Batch Normalization Tensorflow

Study/Deep Learning

Batch Normalization Tensorflow

MJ_DL 2018. 7. 3. 17:22

Batch Normalization

learning rate를 너무 높게 잡을 경우 gradient가 explode/vanish 하거나, 비정상 local minima에 빠지는 문제발생. 이는 parameter들의 scale 때문, Batch Normalization을 사용시 backpropagation 할 때 parameter의 scale에 영향을 받지 않게 되며, 따라서, learning rate를 크게 잡을 수 있게 되고 이는 빠른 학습을 가능하게 함.
Batch Normalization의 경우 자체적인 regularization 효과가 있음.
Activation 함수 적용전에 사용.

알고리즘

미니 배치 단위로 평균과 분산을 구함.
평균과 분산을 구해 normalize 시킴.
gamma를 더하고 beta를 곱해 scale 과 shift를 시킴.

*gamma와 beta는 trainable 한 파라미터로 backprob이 가능.

학습

training 시 mini batch 단위에서 구한 평균과 분산을 이용해 normalize.
mini batch 단위에서 구한 average와 variance를 저장.
moving average 방식

테스트

Test 시 train할때 구했던 평균과 분산의 평균을 이용해 normalize.
추가적으로 연산 시 m/(m-1)를 곱해주게 되는데, 이것은 학습 전체 데이터에 대한 분산이 아니라 mini batch 분산을 통해 전체 분산을 추정하기 때문에 통계학적으로 보정을 위해 베셀의 보정값을 곱해준다고 한다..

-> 베셀 보정 : 수학적으로 표본분산의 기댓값이 모분산과 일치하도록 하기위한 설정.

-> 모분산을 추정할때 그냥 m으로 나누게 되면 모분산 보다 항상 작은 값이 추정되는 현상이 발생한다. 이 현상을 제거하기 위해 m 대신 m-1로 나눠줌.

Convolution에서의 Batch Norm

Convolution에서는 activation function 전에 batch norm을 사용한다. 기본적인 형태는 Wx+b 형태로 들어가게 되는데 batch norm에서의 beta 역할이 Wx+b 에서의 b의 역할을 대체하기 때문에 이를 없애준다.

Tensorflow Code 작성시 주의.

tf.layers.batch_normalization(training=) 의 parameter 로 training이 들어감. -> train 시 True, test와 validation 시 False로 설정해 주어야함. 하지만 이렇게 셋팅 후 모델을 돌려보면 test와 vali 에서 값이 이상하게 나오게 된다. 이는 batch norm의 train 연산시 계산되는 평균과 분산을 업데이트 시켜줘야 하는데 이를 자동으로 해주지 못함. 즉 수동으로 업데이트 시켜야함!!

# placeholder 지정

batch_prob = tf.placeholder(tf.bool)

tf.layers.batch_normalization(training=batch_prob)

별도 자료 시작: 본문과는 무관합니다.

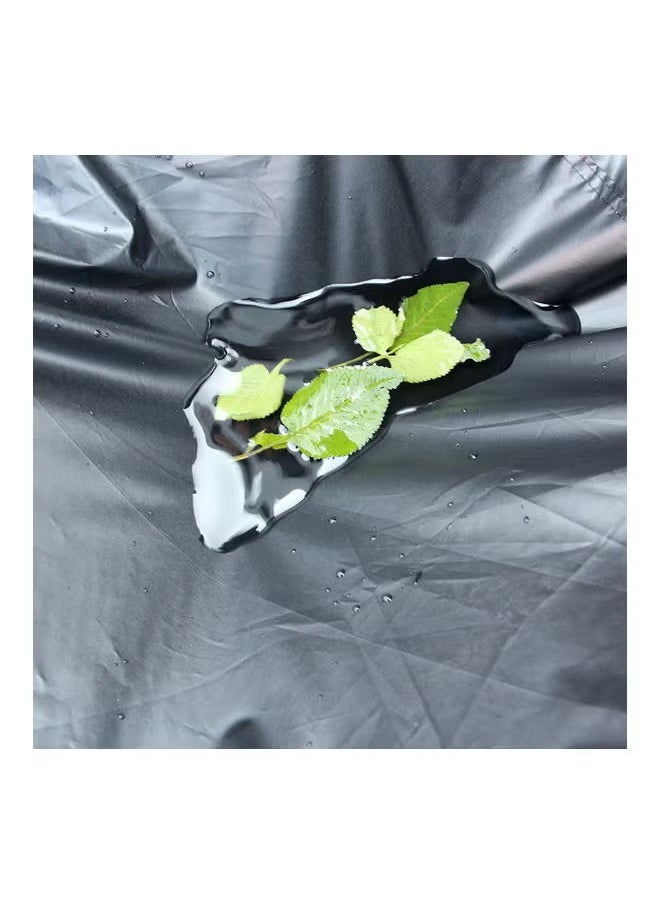 Hihonor Universal Motorcycle Cover,All Season Waterproof Outdoor Protection Against Dust, Debris, Rain  - Image 4
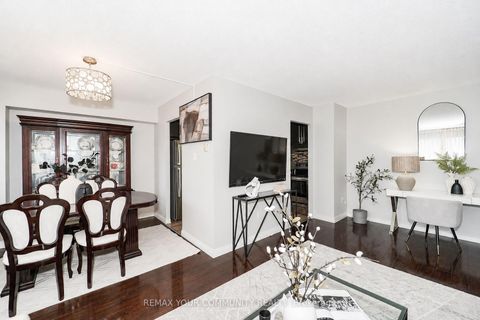 Photo 9 at 1105 - 100 Leeward Glenway, Flemingdon Park, Toronto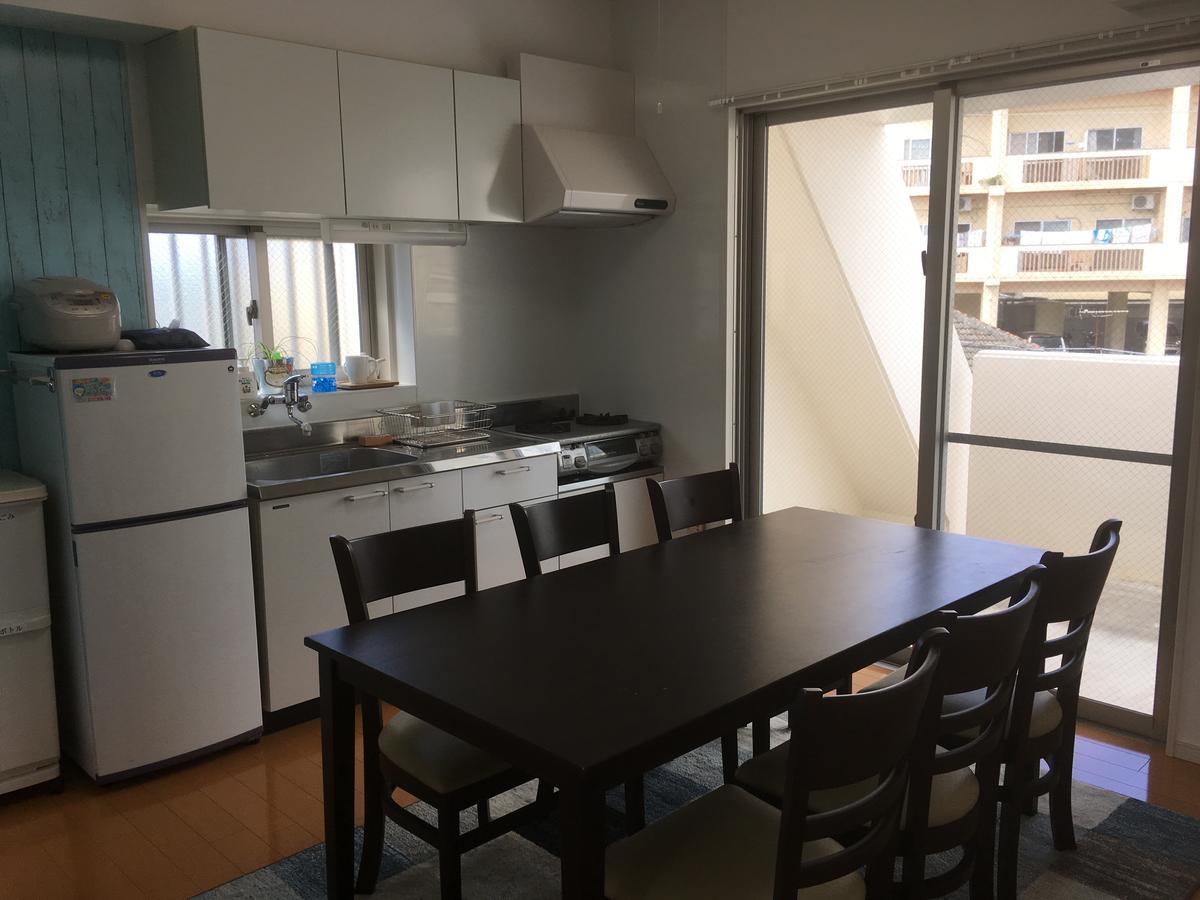 Guesthouse Tt Koza Okinawa Luaran gambar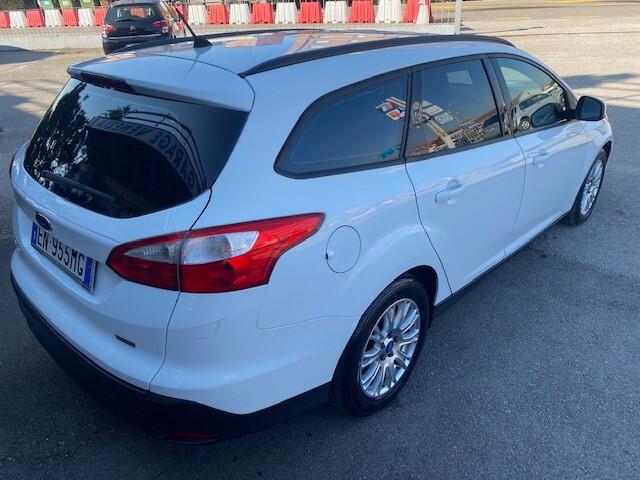 Ford Focus 1.0 EcoBoost 125 CV Start&Stop SW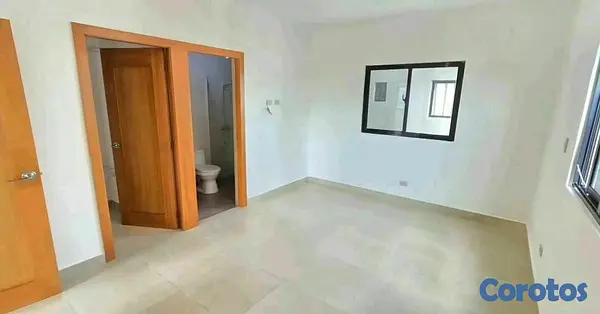 apartamentos - rento 4to piso con ascensor en autopista duarte próximo al homs  9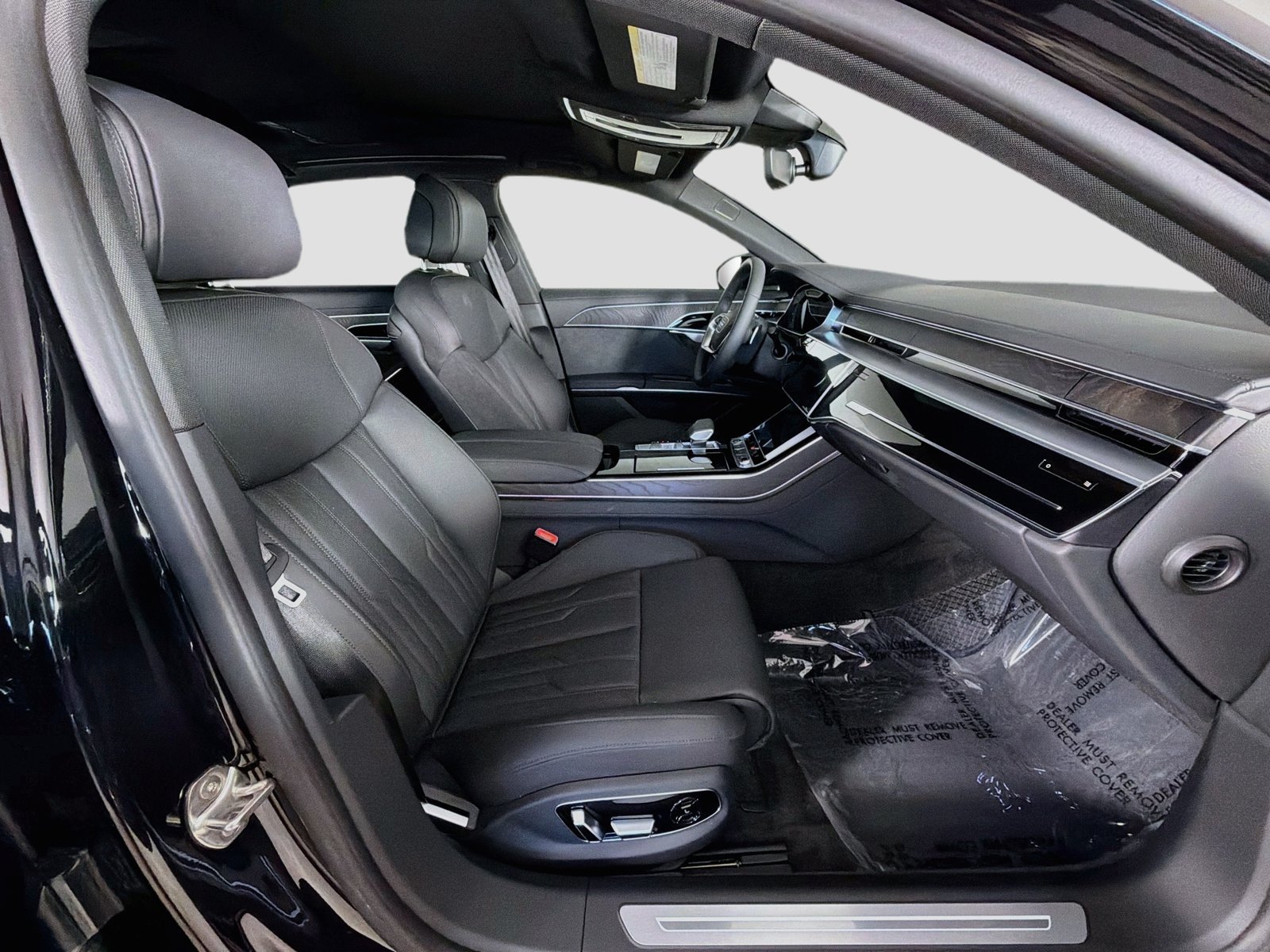 New 2026 Audi A8 L 3.0T AWD/4WD image 29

update_ops = tf.get_collection(tf.GraphKeys.UPDATE_OPS)

with tf.control_dependencies(update_ops):

optimizer = tf.train.AdamOptimizer(learning_rate=learning_rate).minimize(cost)

#또한 feed_dict에 update_ops 연산에 필요한 placeholder도 feed_dict에 넣어주자.

feed_dict = {X: batch[0], Y: batch[1], batch_prob: True}

MNIST Code

import mnist_function
import tensorflow as tf
import pandas as pd
import numpy as np

# set  data count
count = [400, 4000, 4000, 4000, 4000, 4000, 4000, 4000, 4000, 4000]
# load data set
train_x, train_y, test_x, test_y , vali_x, vali_y = mnist_function.data_set(count)
print('train        test         vali')
print(len(train_x),len(test_x),len(vali_x))

#train data shuffle
train_x, train_y = mnist_function.data_shuffle(train_x, train_y)
# set parameters
batch_size = 32
learning_rate = 0.001
training_epochs = 5

# Network Model.
tf.set_random_seed(777)

#keep_prob = tf.placeholder(tf.float32)
batch_prob = tf.placeholder(tf.bool)

X = tf.placeholder(tf.float32, [None, 784])
X_img = tf.reshape(X, [-1, 28, 28, 1])
Y = tf.placeholder(tf.float32, [None, 10])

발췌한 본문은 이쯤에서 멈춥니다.